TOKYO
Non ha solennizzato il “Giorno del Sole” – 105°compleanno di suo nonno, il presidente eterno Kim Il-sung – con un test nucleare o missilistico che avrebbe potuto far precipitare la situazione politico-militare nell’intera Asia nordorientale. Ma,con una grande parata di armamenti, il leader Kim Jong-un ha inviato un preciso segnale alla minacciosa America di Donald Trump e al mondo intero: le capacità missilistiche della Corea del Nord stanno facendo sostanziali progressi.
Due giorni fa, inaugurando di persona nella capitale un nuovo distretto residenziale con grattacieli - Ryomyong Street - Kim aveva lanciato un altro messaggio chiaro: le sanzioni internazionali in corso sono da considerare inefficaci e non impediscono il manifestarsi di progressi economici. Il giovane leader non ha parlato nel corso delle sfilate militari e dimostrazioni popolari nella enorme Piazza Kim Il Sung sul cui cielo aerei militari hanno disegnato il numero 105.

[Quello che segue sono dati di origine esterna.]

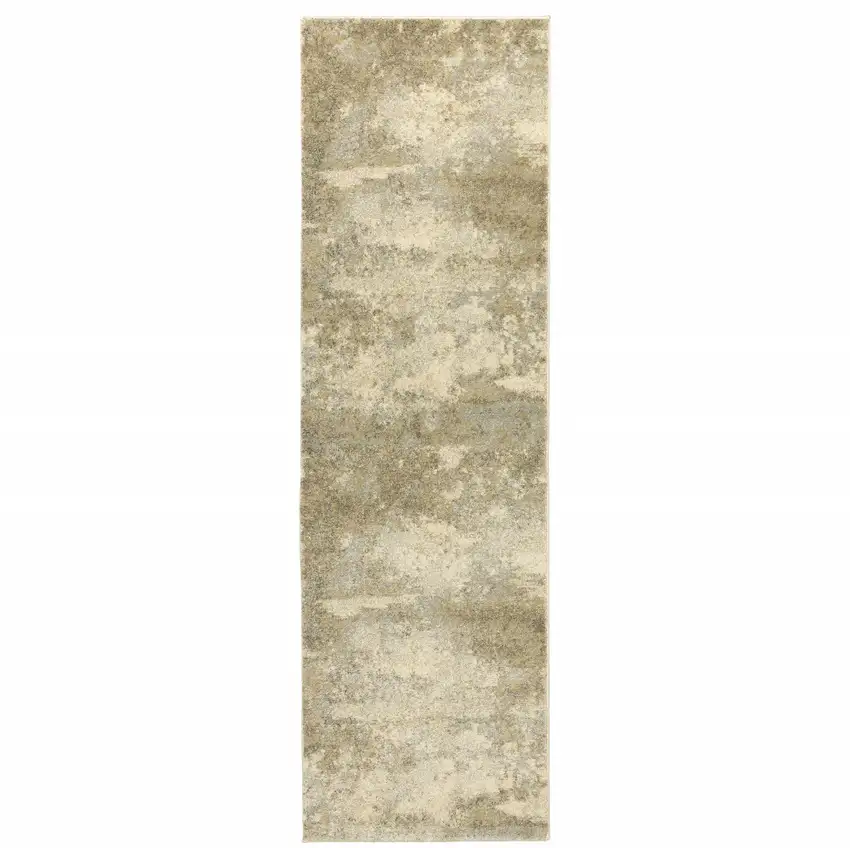 Beige Grey Tan And Gold Abstract Power Loom Stain Resistant Runner Rug Photo 1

Per lui ha parlato Choe Ruong Rae, vicepresidente del Partito dei Lavoratori, con una nuova dichiarazione di sfida: «Se gli Stati Uniti lanciassero provocazioni, condurremo immediatamente un devastante attacco e reagiremo con una guerra totale su vasta scala e una guerra nucleare con il nostro stile di attacco atomico». Gli esperti militari hanno scrutato accuratamente ieri i mezzi che sono sfilati in parata. Difficili da decifrare sono risultati alcuni “contenitori” di prototipi di missili balistici intercontinentali - probabilmente di tipo KN-08 o KN-14 - mentre sono apparsi ufficialmente il Pukguksong-1 (missile lanciabile da sottomarini) e il Pukguksong-2 (balistico intermedio testato per la prima volta a febbraio): dispositivi che utilizzano combustibile solido (più facile da caricare e trasportare), al pari dello Scud-ER a raggio esteso (di cui 4 esemplari sono stati lanciati il mese scorso).

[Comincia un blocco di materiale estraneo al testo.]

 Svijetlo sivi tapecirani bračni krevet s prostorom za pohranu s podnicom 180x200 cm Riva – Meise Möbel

Mentre il gruppo navale americano di attacco incentrato sulla portaerei a propulsione nucleare Carl Vinson sta arrivando nelle acque della penisola, varie fonti hanno indicato che l’Amministrazione Trump non è propensa a un attacco immediato unilaterale, ma tende a voler verificare i progressi nelle pressioni cinesi su Pyongyang perché non intraprenda iniziative provocatorie. Del resto, oggi arriva a Seul – molto vulnerabili ad attacchi ritorsivi del Nord in quanto a soli 60 km dal confine più militarizzato del mondo – il vicepresidente Mike Pence, nella prima tappa di un lungo tour asiatico che comprenderà Giappone, Indonesia e Australia, in cui fornirà assicurazioni sulla continuità dell’impegno americano verso l’Asia sia sul fronte della sicurezza sia su quello dell’economia.

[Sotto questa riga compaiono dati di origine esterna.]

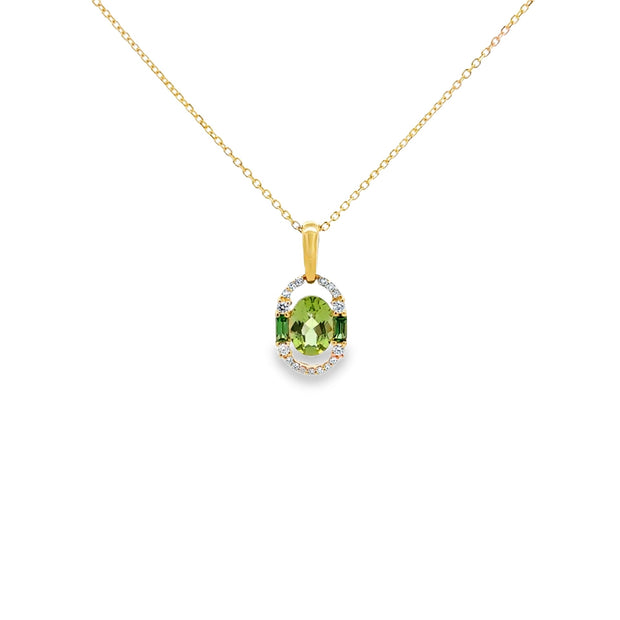 Lady's Yellow 14 Karat Peridot Adjustable Pendant Length 20 With One =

Se pure soffiano forti venti di guerra per la Corea del Nord - che ha minacciato attacchi anche al Giappone - al parco di Shinjuku a Tokyo ieri non si sono sentiti: il governo non ha rinunciato al tradizionale “sakura party” di primavera aperto a migliaia di persone e il premier Shinzo Abe ha scherzato e parlato con ottimismo solo di economia e salari in miglioramento. Nelle sfere governative, oltre che su Pyongyang, ormai ci si concentra sul primo summit di dialogo economico bilaterale di martedì con Pence e altri esponenti di primo piano dell’Amministrazione Usa.
E lo si fa, rossinianamente, con un misto di “dolce speranza, freddo timore”: si spera che venga esteso a Tokyo l’atteggiamento ammorbidito che Trump ha mostrato verso Pechino (evitando di definire la Cina come manipolatrice valutaria e glissando sugli alti dazi minacciati in campagna elettorale), ma si paventa che i negoziatori di Washington possano porre esplicitamente sul tappeto la questione della riduzione del deficit commerciale, con la richiesta di una maggiore apertura del mercato agricolo ed automobilistico nipponico. Vari media sudcoreani, intanto, non hanno affatto gradito che Tokyo stia facendo allarmismo,lasciando filtrare l’esistenza di piani di evacuazione dei giapponesi a Seul e ipotizzando – per bocca dello stesso Abe – che Pyongyang abbia già le capacità di colpire il Giappone con armi chimiche montate su missili. In Corea del Sud – sempre sospettosa delle intenzioni di Tokyo – molti ritengono che il governo Abe utilizzi Pyongyang per dare fondamento a un piano strategico a medio termine finalizzato ad acquisire in proprio capacità di “first strike” nella penisola coreana.